08 março 2007

Brasília amarela


Morávamos num apartamento pequeno, no 4º andar de um prédio sem elevador. O quarto em que dormia era dividido com meus outros três irmãos, minha mãe nem sonhava em engravidar de novo. Dois beliches e um guarda-roupa, componham a mobilia do cômodo. Eu dormia na cama que ficava em cima da cama da Patrícia. Tinha medo de dormir com a janela aberta, o medo mesmo era de ser abdusida por E.T.s.

Certo dia, numa noite estrelada, tenho certeza que vi um disco voador riscar o céu. Sei que não era avião, pois as luzes que piscavam eram verdes. Fantasia de criança? Talvez. O medo não parava por aí, tinha também o dos morcegos e o de cair pela janela. Ouve até um dia que sonhei que estava caindo. Foi engraçado. Estávamos eu e minha irmã, com os braços abertos, tentando nos equilibrar fora da janela. Chega meu irmão alegre e feliz e nos abraça. Caímos os três. Antes de espatifarmos no chão, acordei. Estava prestes a cair da cama.

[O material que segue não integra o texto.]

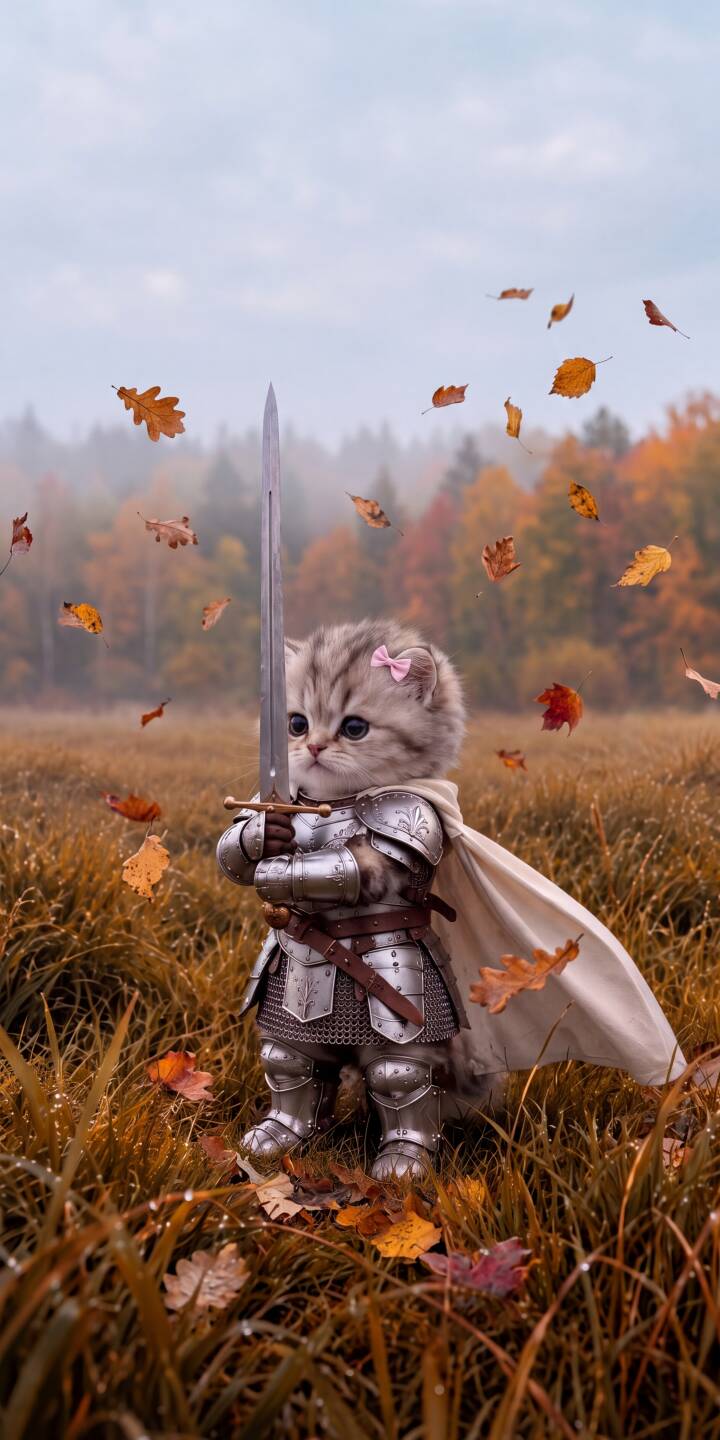 A brave kitten knight, complete with full plate armor, an elegant white cape, and a charming pink bow on its ear, stands defiantly holding a sword amidst a field of falling autumn leaves in this enchanting 4K wallpaper. This adorable and whimsical fantasy wallpaper is perfect for any iPhone, bringing a touch of adventure to your screen. | sword cat knight cute iphone fantasy autumn wallpaper kitten mobile 4k wallpaper hd wallpaper A brave kitten knight, complete with full plate armor, an elegant white cape, and a charming pink bow on its ear, stands defiantly holding a sword amidst a field of falling autumn leaves in this enchanting 4K wallpaper. This adorable and whimsical fantasy wallpaper is perfect for any iPhone, bringing a touch of adventure to your screen.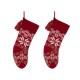 Glitzhome 2pk 24"L Knitted Snowflake Acrylic Christmas Stocking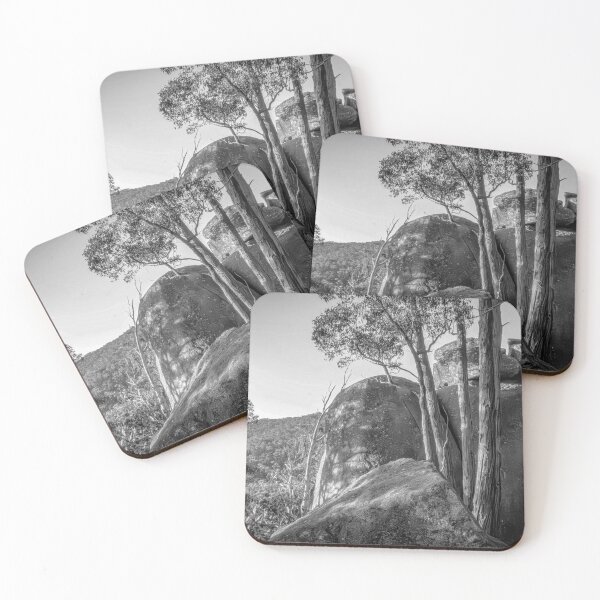 Item preview, Setting Sun at Giant Granite Boulders at the Dog Rocks B&W - Mount Alexander, Victoria designed and sold by Steven Jodoin.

A posição da minha cama era estratégica, dava para ver a rua inteira. Ficava olhando a vida das pessoas no prédio ao lado. Toda vez que tinha uma mulher trocando de roupa com a janela aberta eu chamava o meu irmão. Quase sempre era mentira. Ele ficava bravo. Um belo dia tinha de verdade duas moças trocando de roupa. Gritei o Kinho sem parar, mas ele não acredita mais em mim. Depois de muita insistência, ele olhou. Elas já estavam vestindo a camisola. Ele ficou bravo comigo do mesmo jeito.

Nessa época, meu pai me deu uma função. Olhar o estacionamento e verificar se a Brasília amarela dele não havia sido roubada. Era engraçado. Todo santo dia, antes de descer, o meu pai me fazia olhar da janela e dizer para ele que o carro da família estava lá embaixo. No início eu gostava, depois comecei a achar a tarefa uma chatice. Mas fazia, quase sempre. Algumas vezes respondia que estava, mesmo sem olhar. Um dia cansei, me recusei a olhar. - Ah, meu pai! Claro que tá, quem vai roubar a Brasília?, respondi com malcriação.

Ele desceu. Eu, pela primeira vez, não respondi que o carro estava lá. Minutos depois ele sobe. Cabesbaixo, sentou no sofa abatido e ficou calado, enquanto minha mãe perguntava angustiada o que havia acontecido. "Roubaram o carro", ele respondeu. Acho que até hoje me sinto culpada pelo roubo!

2 comentários:

Anônimo disse...

Poxa, Let, fiquei triste com o fim... fique se achando culpada não. Iam roubar de todo jeito. Claro que fica a sensação ruim de você não ter cumprido direito o que se comprometeu com seu pai, né.

Adorei o texto. A infância traz tantas saudades na gente, né.

Bjos.

Sara Campos disse...

KKKKK! Adorei o texto e a estória! Pq vc nunca me contou essa? Por acaso é uma obra de ficção? uahauhauhau!